C’est que le début, d’accord d’accord

Mars aux poubelles, avril aux casseroles

Le mois dernier, on avait titré en grande pompe sur « le Printemps des poubelles ». Celui-ci s’est entre-temps mué en Printemps des casseroles. D’apparence moins énervé, il est à bien des égards tout aussi résolu. On a choisi de piocher dans ce bouillonnement quelques paroles et faits, en partant du côté de Besançon, en décryptant la revalorisation annoncée de la rémunération des enseignants ou encore en nous entretenant avec Serge Quadruppani, auteur d’Une histoire personnelle de l’ultra-gauche.
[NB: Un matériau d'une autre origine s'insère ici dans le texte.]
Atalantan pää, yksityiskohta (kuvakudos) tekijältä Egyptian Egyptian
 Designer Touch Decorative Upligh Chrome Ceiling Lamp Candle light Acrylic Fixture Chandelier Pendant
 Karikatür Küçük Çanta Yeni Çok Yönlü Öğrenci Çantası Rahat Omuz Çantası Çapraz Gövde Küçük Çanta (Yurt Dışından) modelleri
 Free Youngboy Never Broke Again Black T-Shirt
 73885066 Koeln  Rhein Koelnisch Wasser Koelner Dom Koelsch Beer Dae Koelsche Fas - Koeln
Le mois dernier, on avait titré en grande pompe sur « le Printemps des poubelles  » dans un numéro à la couverture pleine de flammes et d’oiseaux de la tempête qui s’annonçait. Magie de l’époque, celui-ci s’est entre-temps mué en Printemps des casseroles. D’apparence moins énervé, il est à bien des égards tout aussi résolu. Et il s’accompagne d’une communication ludique plutôt réjouissante, sous forme d’une compétition intitulée « Intervilles du zbeul », portée notamment par Attac et Solidaires. Ou comment transformer les cent jours de Macron et sa clique unanimement détestée en Jeux olympiques de la contestation, avec distribution de points par département : un pour une manifestation ou une casserolade, deux pour une action créative, cinq pour une annulation de visite officielle… Avec trois points de bonus si cela touche un ministre, six pour le président de la République. À l’heure où nous imprimons, l’Hérault mène d’une bonne tête1 – mais la compétition ne fait que commencer ! La répression toujours féroce et sans cesse plus absurde (les inénarrables interdictions de « dispositifs sonores amplificateurs de son ») nous montre en tout cas que le pouvoir ne prend pas cette évolution de la mobilisation à la légère.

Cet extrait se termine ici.